Three years ago the Grumpy Geophysicist made his debut, enticing 447 visitors over the remainder of 2014 into this odd collection of rants. That was about 4 visitors per post (yes, things are better now). As noted in the “About” page, though, this has never been about getting lots of likes, it is rather a combination of therapy and writing practice. Nevertheless, on occasion GG has accidentally stumbled into something others found interesting (well, a few, not like anything here has gone viral), and so was curious just what those interesting posts were. So without further ado, a few of the most viewed posts from the first three years of the Grumpy Geophysicist (giving many of you a chance to see what you missed…which, perhaps, will confirm why you weren’t looking here earlier). (Small posts don’t get counted so thoroughly).
GG has previously been frustrated with the combination of imprecise speech of anti-fracking groups as well as the double speak of industry. The reason you might want to be precise might be well illustrated by a recent home explosion in Colorado.
The exploding house killed two men working on a hot water heater in the basement; usually when you hear these things, it turns out there is a gas leak or something like that in play. The startling news has been the move by Anadarko Petroleum Corp. to shut down 3000 wells they are operating while the wells are checked out (that is more than 5% of the active wells in the state). The exploded house was 170 feet from a 1993 well reactivated this past January. Although a new well can not be drilled there, houses can be built that close to existing wells (these houses are only a couple years old).
Oil companies are loathe to shut down operations (see opposition to claims of induced earthquakes, for instance). Shutting down this number of wells even as investigators are saying that they still don’t know what happened strongly suggests something may have gone wrong. Given that the oil company feels that shutting down wells is likely to reduce a risk, they are presumably not thinking that any gas leaked up around a bad casing job in the well but instead are concerned there might be leaks in the underground lines connecting wells to pipelines or storage facilities.
And here’s the thing.
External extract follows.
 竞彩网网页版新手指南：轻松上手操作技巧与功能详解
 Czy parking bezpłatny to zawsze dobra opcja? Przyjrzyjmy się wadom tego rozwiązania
This is not a modern, horizontally-drilled heavily fracked well. This is one of those older-style vertical wells. So when anti-fracking groups say they don’t want to stop oil and gas development but do want to stop fracking (as was the case in Longmont, Colorado a couple years back), this is the kind of well they think is OK. So once again a reminder: fracking is very rarely a cause of problems, but all the other stuff with oil and gas development is the real problem people are complaining about.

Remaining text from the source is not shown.